#### The data:
........

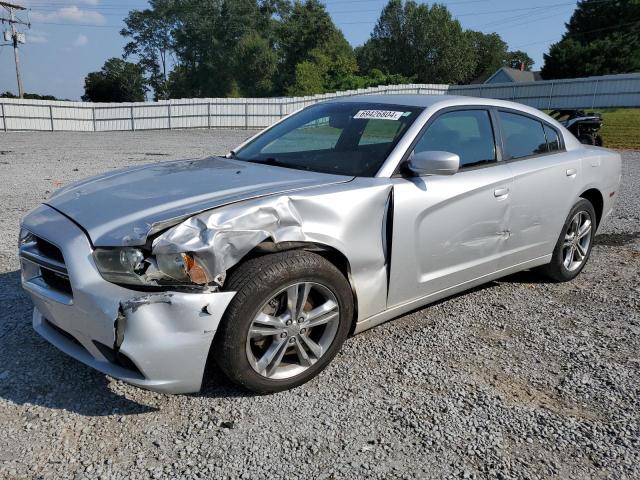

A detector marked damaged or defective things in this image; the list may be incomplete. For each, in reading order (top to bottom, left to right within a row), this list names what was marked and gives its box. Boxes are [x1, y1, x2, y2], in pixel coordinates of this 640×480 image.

cracked bumper [20, 204, 236, 392]
broken headlight [92, 248, 210, 284]
crumpled hood [47, 158, 352, 248]
front-end collision damage [152, 183, 392, 322]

........

#### Try it:
Give the entries again word for word, but skip the pictures.

#### Exercise output:
A detector marked damaged or defective things in this image; the list may be incomplete. For each, in reading order (top to bottom, left to right within a row), this list names what was marked and gives its box. Boxes are [x1, y1, x2, y2], in pixel coordinates of this 640×480 image.

cracked bumper [20, 204, 236, 392]
broken headlight [92, 248, 210, 284]
crumpled hood [47, 158, 352, 248]
front-end collision damage [152, 183, 392, 322]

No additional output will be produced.